Die Abstellgleise werden bereits mit dem Fahrplan geplant. «Sind Abstellungen nicht möglich, so kann der entsprechende Zug im Fahrplan nicht gefahren werden, beziehungsweise er wird nicht eingeplant», so die SBB.
Bis Abstellanlagen ausgebaut werden können, müssen viele Hürden umfahren werden. «Niemand will Abstellgleise direkt vor seiner Haustür», schreibt die BLS. Bereits beschlossene Projekte könnten nicht umgesetzt werden, weil es Widerstand von Standortgemeinden oder Verbänden gibt, bestätigt auch das Bundesamt für Verkehr (BAV).

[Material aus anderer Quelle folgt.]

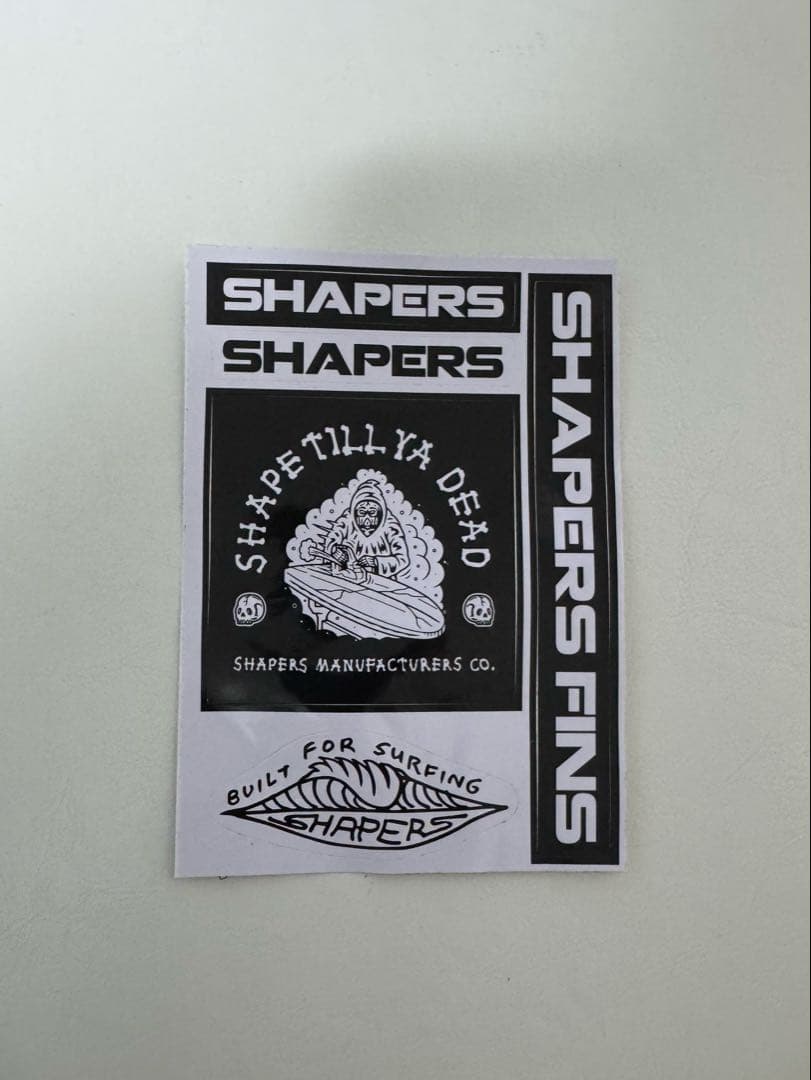 美品 SHAPERS ツインフィン アッシャーペイシー ツインスタビ FCS2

Das Problem geht ins Geld, so die BLS. «Wenn die Züge weiter weg von den Bahnhöfen abbestellt werden müssen, führt dies zu höheren Produktionskosten für die Bahnunternehmen.» Es gibt mehr Leerfahrten für Züge und Lokführer. Das bekommt auch der Steuerzahler zu spüren: «Im abgeltungsberechtigten Regionalverkehr führt dies zu Mehrkosten für die öffentliche Hand.»
Fehlende Prüfung
Grünen-Nationalrat Felix Wettstein (66) will vom Bundesrat nun wissen, wer für den Ausbau der Abstellgleise verantwortlich ist. «Ich befürchte, dass der Bund und die Bahnunternehmer gegenseitig aufeinander zeigen. So passiert nichts, und der Bahnausbau ist gefährdet.»
Beim Bund ist das Problem bekannt. Bei der Planung des Bahn-Ausbauschritts 2035 hätten aufgrund des frühen Planungsstandes die Abstellanlagen noch nicht vollständig geprüft werden können. So sei zum Beispiel nicht geklärt worden, ob die Abstellungen für die Verlängerungen von Zügen vorhanden sind.
Das BAV werde nun das Angebotskonzept 2035 vertieft betrachten und «diese wo nötig mit zusätzlichen Infrastrukturen sicherstellen.»